Num ambiente de frustrações e impulsos de vingança, crime e castigo podem ter peso e medida diferentes e ou equivalentes. Já que cada um é muito mais carrasco e vítima da sua própria vida do que imagina..., um final feliz ou à francesa é muito relativo.

quarta-feira, 6 de novembro de 2013

Crítica: Thor - O Mundo Sombrio


O embate entre luz e trevas parece não ter fim na mitologia do entretenimento ou vice-versa. No mundo da ficção globalizada (religiosa ou pagã) há sempre alguém querendo ser dono da eletricidade e outro louco pra cortar a fiação. Heróis da luz e vilões da escuridão povoam a imaginação de adultos e crianças nas mais diversas manifestações culturais. Quando se trata de histórias em quadrinhos, então, é um esconde-esconde sem fim. Pegando carona na meada do apagão, chega aos cinemas Thor - O Mundo Sombrio.

A história se passa logo após a pancadaria desenfreada em Os Vigadores, quando Thor (Chris Hemsworth) retorna a Asgard, levando o prisioneiro Loki (Tom Hiddleston), e parte para novas batalhas na pacificação dos Nove Reinos. Mal a ordem é restabelecida e eis que surge das profundezas o pesadelo asgardiano: Malekith (Christopher Eccleston). O maldito elfo negro, derrotado por Bor, avô de Thor, acorda para o seu maior ato de vingança universal: escuridão eterna para todos! O pivô inocente útil, para que a trama se cumpra, é Jane Foster (Natalie Portman), a namorada do herói.

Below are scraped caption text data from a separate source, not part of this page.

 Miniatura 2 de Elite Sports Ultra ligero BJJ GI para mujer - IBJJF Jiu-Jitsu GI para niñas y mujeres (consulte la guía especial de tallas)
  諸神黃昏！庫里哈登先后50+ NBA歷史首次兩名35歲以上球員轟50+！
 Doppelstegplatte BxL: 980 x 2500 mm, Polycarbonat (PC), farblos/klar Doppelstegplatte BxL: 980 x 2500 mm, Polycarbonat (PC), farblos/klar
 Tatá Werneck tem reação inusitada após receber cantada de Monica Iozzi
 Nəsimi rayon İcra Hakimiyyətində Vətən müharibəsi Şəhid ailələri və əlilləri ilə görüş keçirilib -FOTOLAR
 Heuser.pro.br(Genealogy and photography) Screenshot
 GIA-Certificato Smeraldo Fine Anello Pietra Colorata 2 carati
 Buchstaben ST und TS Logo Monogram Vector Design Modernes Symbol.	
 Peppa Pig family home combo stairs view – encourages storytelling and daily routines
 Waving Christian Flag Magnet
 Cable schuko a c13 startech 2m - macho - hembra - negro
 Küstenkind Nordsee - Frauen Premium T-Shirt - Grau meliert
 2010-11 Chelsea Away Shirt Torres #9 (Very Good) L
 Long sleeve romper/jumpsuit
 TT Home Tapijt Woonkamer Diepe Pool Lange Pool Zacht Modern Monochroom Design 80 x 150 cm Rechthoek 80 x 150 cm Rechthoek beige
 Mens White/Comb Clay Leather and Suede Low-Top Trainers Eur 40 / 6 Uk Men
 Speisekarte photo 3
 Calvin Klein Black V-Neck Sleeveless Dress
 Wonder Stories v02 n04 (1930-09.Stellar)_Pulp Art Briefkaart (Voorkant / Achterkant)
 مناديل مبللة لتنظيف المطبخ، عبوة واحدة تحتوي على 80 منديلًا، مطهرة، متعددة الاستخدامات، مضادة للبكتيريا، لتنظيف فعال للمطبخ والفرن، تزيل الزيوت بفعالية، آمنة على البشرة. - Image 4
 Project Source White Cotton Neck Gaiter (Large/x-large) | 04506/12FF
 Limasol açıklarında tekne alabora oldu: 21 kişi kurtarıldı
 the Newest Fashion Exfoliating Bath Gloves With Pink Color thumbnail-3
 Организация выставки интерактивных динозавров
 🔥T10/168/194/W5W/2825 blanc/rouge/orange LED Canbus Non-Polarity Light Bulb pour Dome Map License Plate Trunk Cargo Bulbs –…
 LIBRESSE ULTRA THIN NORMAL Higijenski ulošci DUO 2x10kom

Filme-hq de fantasia, Thor - O mundo Sombrio (Thor - The Dark World, EUA, 2013), dirigido por Alan Taylor, mescla muito bem ação, aventura, drama, imaginação e (entre uma referência bíblica e outra) bom humor. Despretensioso (até demais) cumpre o que promete: diversão. Ao trocar acertadamente a base terráquea, (geralmente) em Nova York por Londres (Greenwich), muda, além do ritmo, o nível destrutivo das lutas. Na Inglaterra a destruição urbana é mínima, se comparada à dos seus (heroicos) concorrentes anteriores em solo norte-americano. Mas não menos intensa. Ah, o irônico humor inglês é muito melhor que o pastelão escatológico estadunidense.

Thor - O Mundo Sombrio tem excelente produção. Os cenários, com riqueza de detalhes, são extraordinários e as aeronaves inspiradíssimas. O elenco continua afinado, o que não é uma árdua tarefa, com Hiddleston roubando cena a cena. Duas emocionantes sequências, envolvendo a Rainha Frigga (Rene Russo), merecem destaque pela perfeita composição de elementos dramáticos e técnicos: a perturbadora visita a Loki, na prisão, e o deslumbrante funeral dos guerreiros asgardianos. É o que fica na memória depois de todo o caos.

Originalidade pode não ser o forte do argumento que malha o trevoso ferro frio, mas o roteiro sopra umas brasas da forja e as fagulhas que iluminam história e personagens, fazem de Thor - O Mundo Sombrio, um excelente filme-hq, mesmo com escorregadas, uma das melhores adaptações do gênero. Não acho que deva ser comparado ao ótimo shakespeariano Thor (2011), dirigido por Kenneth Branagh, porque o palco é outro. Agora a lenda cabe mais aos Céus do que à Terra que, como sempre, é um planeta pairando no meio do caminho de algum vilão intergaláctico sem planeta e ou (pior!) chegado numa escuridão.